Charlotte Endemann an ihren Mann Harald, 6. Dezember 1940

den 6.12.40

Mein liebster Harald!

Eben komme ich nach Hause, und da liegen auf dem Tisch Dein Brief und das Paket, ich habe mich doll gefreut. Es ist furchtbar lieb, dass Du an mich gedacht hast. Über die Strümpfe freue ich mich sehr, aber Du sollst keine 3,50 Mk. dafür ausgeben. Du sollst auch für Dich etwas haben, oder soll ich Dir Geld schicken? An die Schokolade möchte ich am liebsten sofort rangehen, aber ich hebe die bis Weihnachten auf. Die Post geht schön schnell von dort. Der Brief ist gestern erst abgestempelt worden. Hoffentlich bekommst Du meine Briefe auch so schnell.

Ich bin so ruhig, dass Du noch in Amsterdam bist. Heute nacht fiel mir ein, dass Du vielleicht nach Norwegen kommen könntest oder so weit weg, dass an Urlaub vorläufig nicht zu denken ist. Da habe ich mich grässlich aufgeregt. Was würde ich in dem Fall mit den beiden Verwaltungen machen? An die Gestapo habe ich in der Zwischenzeit telefoniert. Beschlagnahme gilt für alles, also auch für Steuer und unbezahlte Rechnungen. Die werden dann von dort aus geregelt. Nun habe ich die bis jetzt eingegangene Miete garnicht auf das Konto gebracht, sondern verwahre sie zu Hause auf, damit ich nur nichts falsch mache.

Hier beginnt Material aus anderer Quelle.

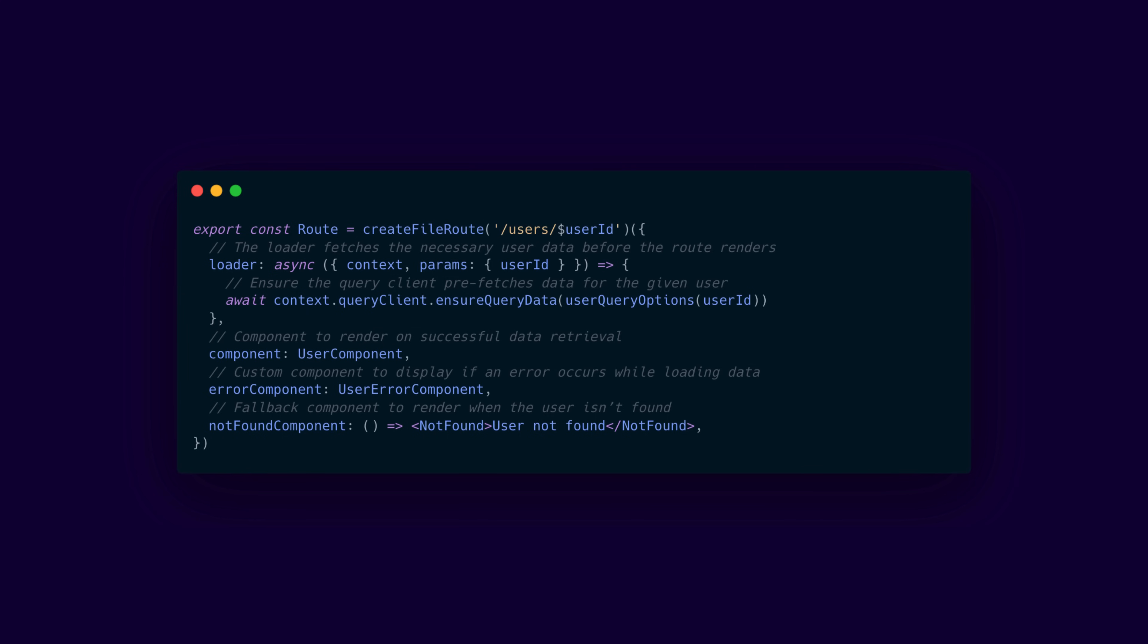It also allows you to pass a loader function that receives both the route context and the dynamic parameter, then uses that information together with the query client from React Query to ensure that the necessary user data is available before rendering.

Heute war der dritte Vortrag im Buchführungskursus und damit das Ende. Ich habe fast nichts verstanden und das regt mich auch wieder auf. Wie machen wir es dann? Es müssen so unzählige Konten geführt werden, auch ein Privatentnahmekonto, auf dem alles verbucht wird, was man nicht im Geschäft braucht. Ist das nicht schrecklich umständlich? Dann muss ein Kontenrahmen für Hausverwaltungen und einer für Versicheerungen geführt werden und ein Gewinn und –Verlustkonto und alles muss zwei bis viermal gebucht werden. Mann kann es sich auch von diesem Dr. Malzkorn jeden Monat in Ordnung bringen lassen, das kostet aber monatlich 18.- Mk. Und dann müssen Abschreibungen gemacht werden und Tod und Teufel. Da komme ich im Leben nicht durch. Und müsste dieser Kontenrahmen schon jetzt im Januar geführt werden? Und wie müsste ich ihn einrichten. Und kann mir die Steuer den verdienst nicht am Familienunterhalt abziehen? Und da ich ja immer sofort die Flinte ins Korn werfe, meine ich, ich könnte Dir nie wieder im Geschäft helfen.

Glaubst du, dass Du zu Weihnachten kommst? Viele sagen, wenn Du erst so kurz eingezogen bisst, ist an Urlaub nicht zu denken.

Sind irgendwelche Steuern Engels fällig? Nicht, dass er erst wieder gemahnt wird.

Ich schicke Dir hier einen Brief, den Helga an das Christkind geschrieben hat. Ist er nicht niedlich? Und bescheiden ist sie doch auch.

Omi Endemann ist sehr böse, dass Du keinen Gruss an sie geschrieben hast und dass Du in den anderen Briefen nur Grüsse an sie bestellt hast Du müsstest höflicher schreiben und nicht nur „viele Grüsse“.

Hoffentlich bekomme ich nun morgen wieder Post. Ich warte jeden Tag genau wie Du drauf. Morgen will ich auch sehen, ob ich ein Wörterbuch bekommen kann. Soll ich Dir den Schlafanzug schicken oder ist es zu riskant? Und soll ich Dir Geld schicken?

Hier ist eine Rundfrage in den Schulen, ob man sein Kind wegschicken will. Es kommt Danzig, Warthegau oder Sudetenland in Frage. Tulita geht. Aber man muss einen Revers unterschreiben, dass man sie nicht auf eigene Faust zurückholen darf. Auf ein Jahr vorläufig ist die Verschickung gedacht. Helga will natürlich nicht und ich lasse sie auch nicht fort.

Viele, viele Küsse, auch ganz dicke, Deine Lotti.

Morgen schreibe ich wieder. Du bekommst jetzt wieder jeden Tag Post.